Historically, Windows has been left out of the SAN management picture. Netreon, Inc., of Mountain View, Calif., hopes to change that with its new SAN tool that fully integrates with Windows. Until now, SAN management technology has been "undernourished" and limited to Unix-based and mainframe systems, said Bob Davis, CEO of Netreon.
Netreon's SANexec Manager is the first Windows-based SAN management application, according to Davis. It will be available through resellers and integrators for $9,995.
"There's always been a learning curve with any kind of SAN management. This will really flatten the curve," said author Marc Farley. Gone are the days of Windows-based networks running SANs only being compatible with Java- and browser-based SAN management applications.
SANexec Manager fills a void in the Windows-based storage management product arena, Farley said. "Admins who work with systems using Windows admin tools will be able to use the same facility with the same look and feel they have now," said Farley, author of Building Storage Networks and President of Building Storage, Inc., Saratoga, Calif. Building Storage, Inc. specializes in network storage consulting services.
Windows has evolved through the years to support historically Unix-based applications, such as customer relationship management technologies. So, moving into the realm of SAN management seems only a natural progression, Davis said.
A few years ago, usually only "Fortune 100, high-end companies who had the time to spend on management" had SANs, Davis explained. They were usually running Unix anyway, so the complexly coded Unix-based SAN management products were easy for them to administer, he said.

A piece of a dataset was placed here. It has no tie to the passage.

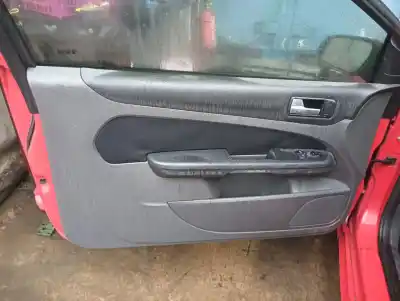 Veículo de Sucata ford focus berlina (cap) sport do ano 2001 alimentado kkda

Now, however, even mid-sized companies can have enough data to add a SAN, but they often do not run Unix. Organizations with e-mail servers, such as Exchange or LotusNotes, have a "constant need to add more servers because of how much storage they'll support," Davis said. "SANexec Manager facilitates that process of adding more storage."
Yet now even mixed Unix and Windows organizations may turn to the Windows platform for their SAN management needs. "Most of the mixed environments with Unix and Windows are leaning more toward Windows because it's more universal and accepting," said Rich Baldwin, president and CEO of Nth Generation, a SANexec Manager reseller based in San Diego, Calif.
Baldwin said Nth Generation chose SANexec Manager over other SAN management products like SANavigator, because it was more comprehensive and state-of-the-art. Nth Generation will announce the availability of SANexec Manager to its customers on Feb. 27.
SANexec Manager can further appeal to Windows customers because it uses the Microsoft Management Console for its user interface. It also integrates with Microsoft Operations Manager (MOM) for event correlation and notification. "That's a huge advantage to customers who are using MOM," said Farley. "I don't know why they would manage a SAN without it."
Davis hopes SANexec Manager will be the start of a new evolution for Windows in storage. As the OS matures, naturally it becomes more functional and users become more used to it, he said. "End users are not platform agnostic. They care where there management tools live," said Davis. "It's not so profound to say SAN management is going to be dominant in the Windows world," Davis concluded.